As alluded to above, you could equivalently address this by using flat priors on transformed parameters, namely $(\alpha, \beta, \sigma) \to (\alpha_\perp, \theta, \log\sigma)$, but I personally think the symmetry/maximum entropy approach is cleaner and clearer – it also gives us a chance to demonstrate the definition of nontrivial custom priors within the three packages.

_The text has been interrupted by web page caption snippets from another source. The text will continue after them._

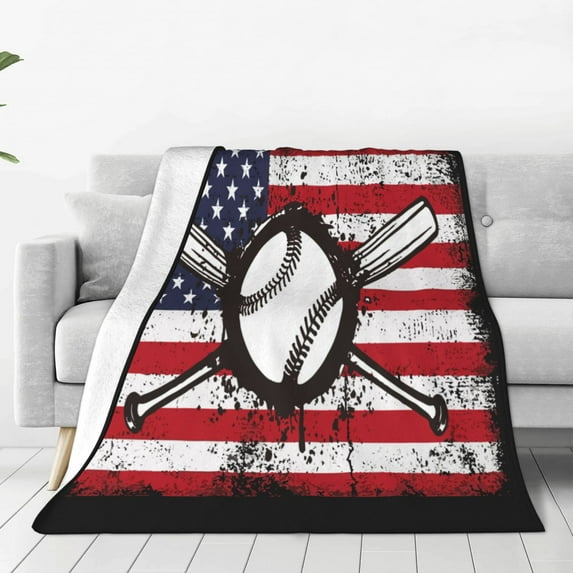 Lsque Vintage Baseball American Flag Pattern Fuzzy Fleece Throw Blanket Extra Large,Super Soft,Fluffy and Warm Blankets for Couch,Bed,All Season Use-60"x50"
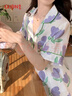 古今（GUJIN）帶胸墊夏新品100%純棉睡衣女棉紗家居服可外穿睡褲清新大碼套裝L 曬單實(shí)拍圖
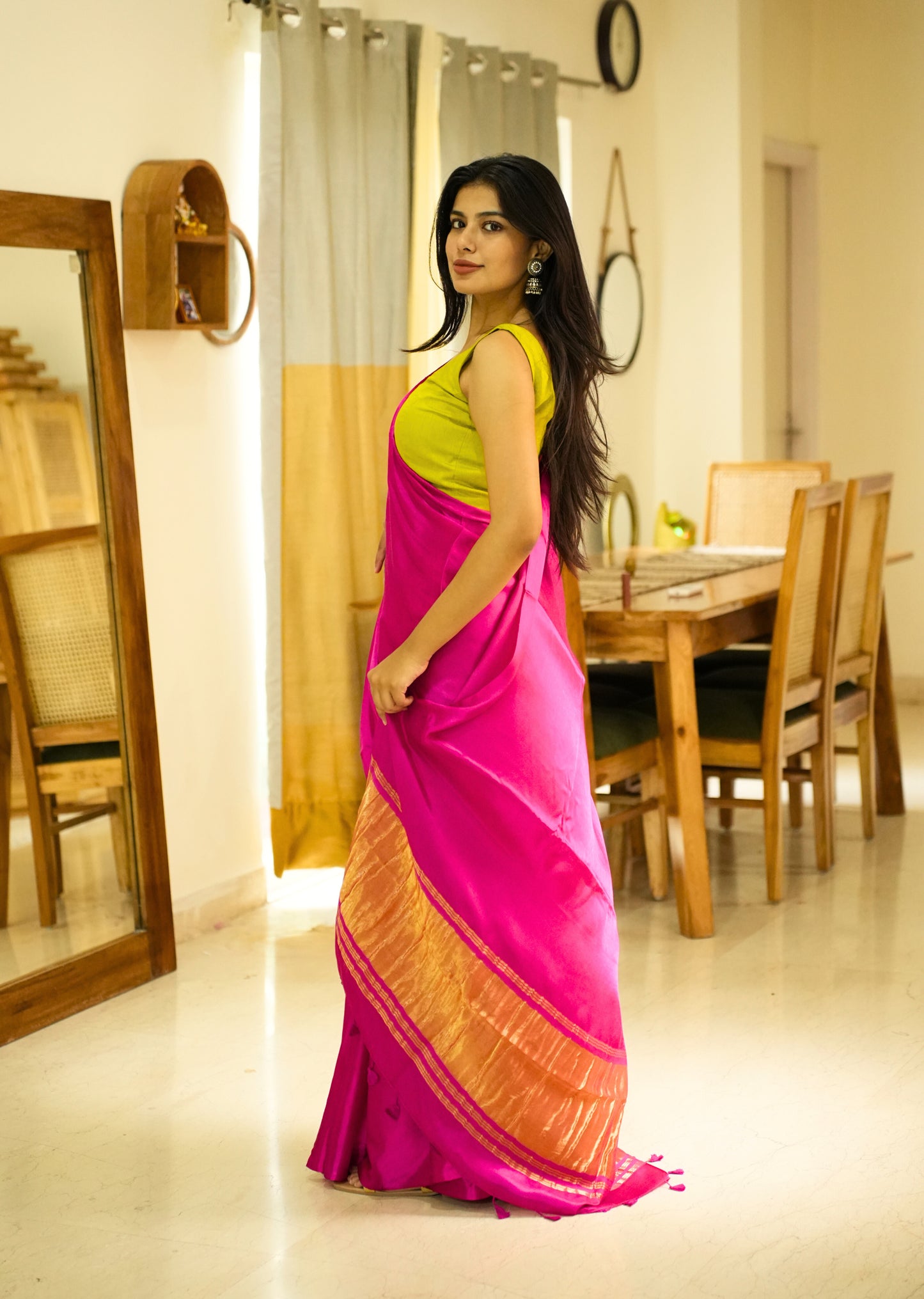 Rani Radiance – Pink Silk Saree with Gold Zari Border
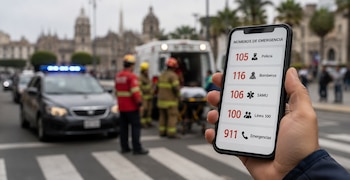 Mano sostiene un teléfono móvil con lista de números de emergencia. Fondo con ambulancia, coche de policía, bomberos y personal de rescate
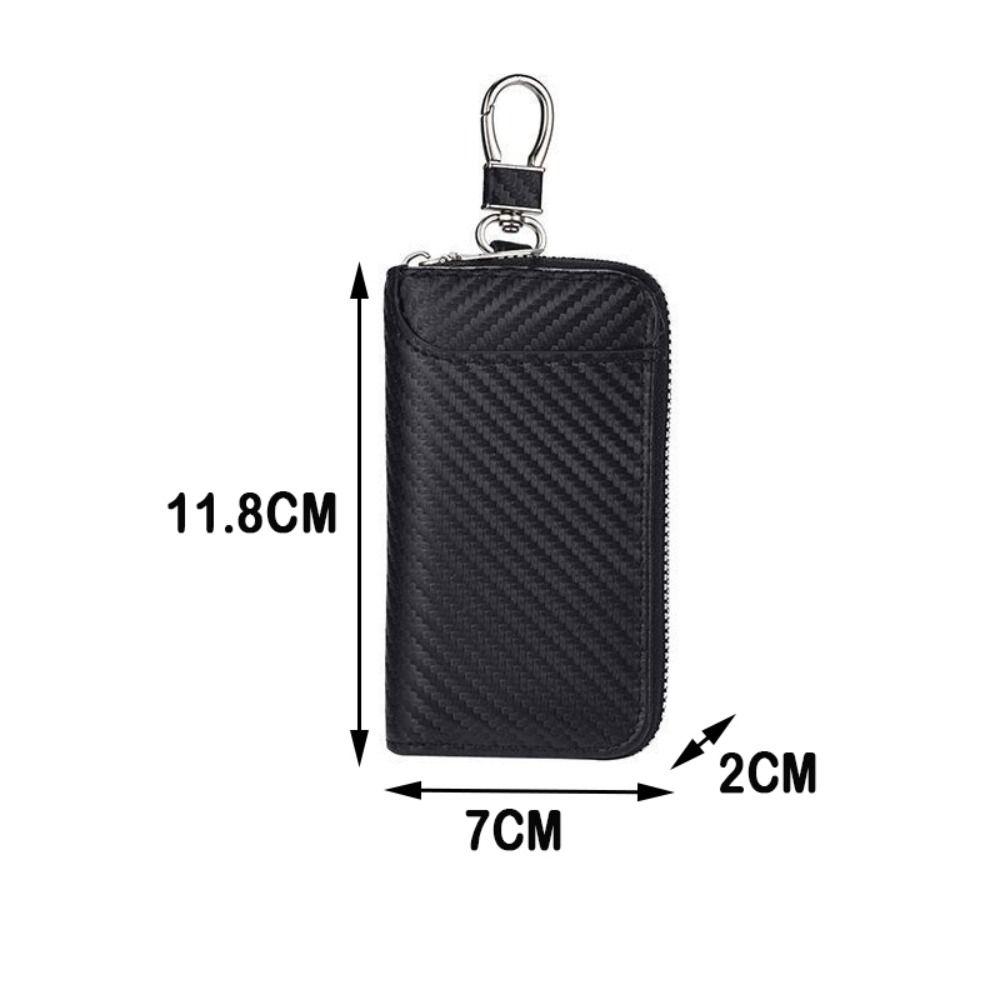 New PU Leather Keychain Bag Carbon Fiber Retro Car Key Bag Portable Mini Keys Pouch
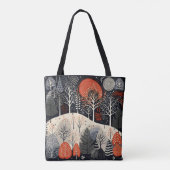 Folk Winter Nacht Landschap Tote Bag (Achterkant)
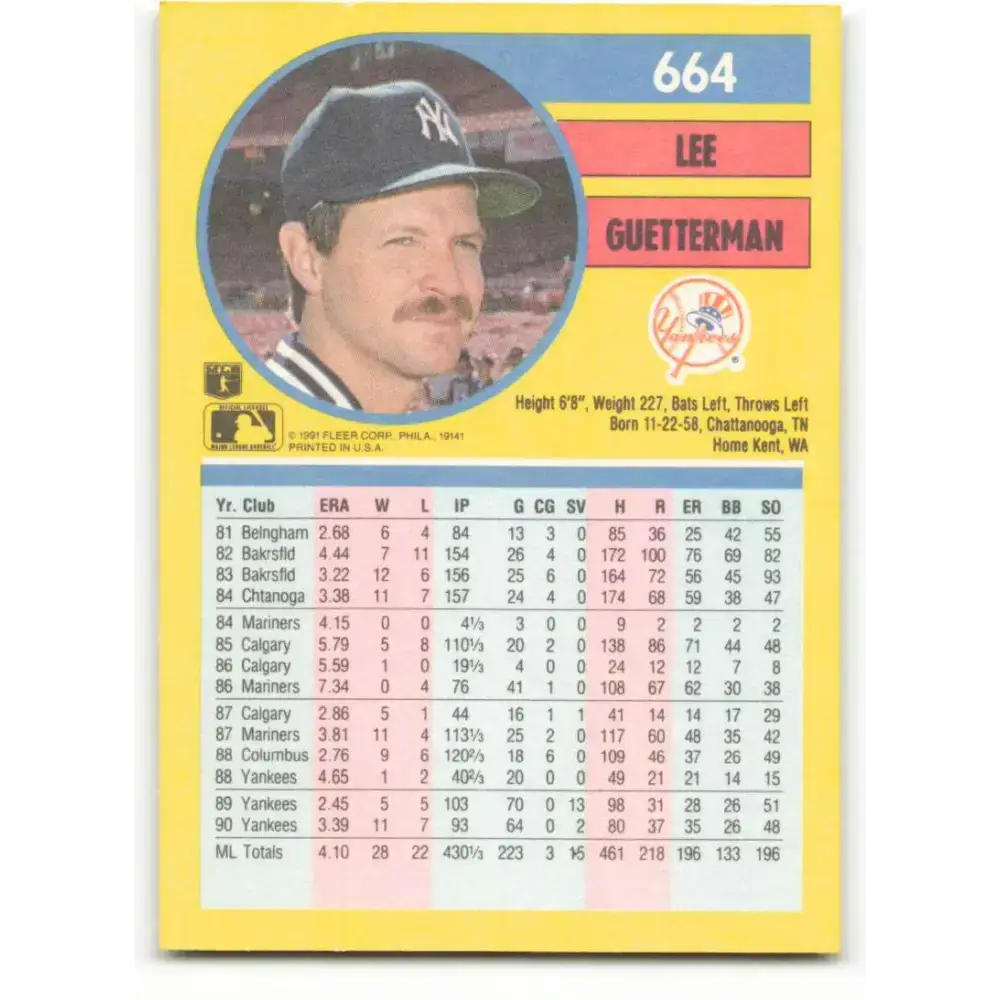 1991 Fleer #664 Lee Guetterman NM-MT New York Yankees Baseball Card - Baseball Card Single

Solving This Problem in Python

Now that we have the data, the likelihood, and the prior, let's show how to solve this problem in Python using emcee, PyMC, and PyStan. First, though, let's quickly define some convenience routines which will help us visualize the results:

In [4]:
# Create some convenience routines for plotting

def compute_sigma_level(trace1, trace2, nbins=20):
    """From a set of traces, bin by number of standard deviations"""
    L, xbins, ybins = np.histogram2d(trace1, trace2, nbins)
    L[L == 0] = 1E-16
    logL = np.log(L)

    shape = L.shape
    L = L.ravel()

    # obtain the indices to sort and unsort the flattened array
    i_sort = np.argsort(L)[::-1]
    i_unsort = np.argsort(i_sort)

    L_cumsum = L[i_sort].cumsum()
    L_cumsum /= L_cumsum[-1]
    
    xbins = 0.5 * (xbins[1:] + xbins[:-1])
    ybins = 0.5 * (ybins[1:] + ybins[:-1])

    return xbins, ybins, L_cumsum[i_unsort].reshape(shape)


def plot_MCMC_trace(ax, xdata, ydata, trace, scatter=False, **kwargs):
    """Plot traces and contours"""
    xbins, ybins, sigma = compute_sigma_level(trace[0], trace[1])
    ax.contour(xbins, ybins, sigma.T, levels=[0.683, 0.955], **kwargs)
    if scatter:
        ax.plot(trace[0], trace[1], ',k', alpha=0.1)
    ax.set_xlabel(r'$\alpha$')
    ax.set_ylabel(r'$\beta$')
    
    
def plot_MCMC_model(ax, xdata, ydata, trace):
    """Plot the linear model and 2sigma contours"""
    ax.plot(xdata, ydata, 'ok')

    alpha, beta = trace[:2]
    xfit = np.linspace(-20, 120, 10)
    yfit = alpha[:, None] + beta[:, None] * xfit
    mu = yfit.mean(0)
    sig = 2 * yfit.std(0)

    ax.plot(xfit, mu, '-k')
    ax.fill_between(xfit, mu - sig, mu + sig, color='lightgray')

    ax.set_xlabel('x')
    ax.set_ylabel('y')


def plot_MCMC_results(xdata, ydata, trace, colors='k'):
    """Plot both the trace and the model together"""
    fig, ax = plt.subplots(1, 2, figsize=(10, 4))
    plot_MCMC_trace(ax[0], xdata, ydata, trace, True, colors=colors)
    plot_MCMC_model(ax[1], xdata, ydata, trace)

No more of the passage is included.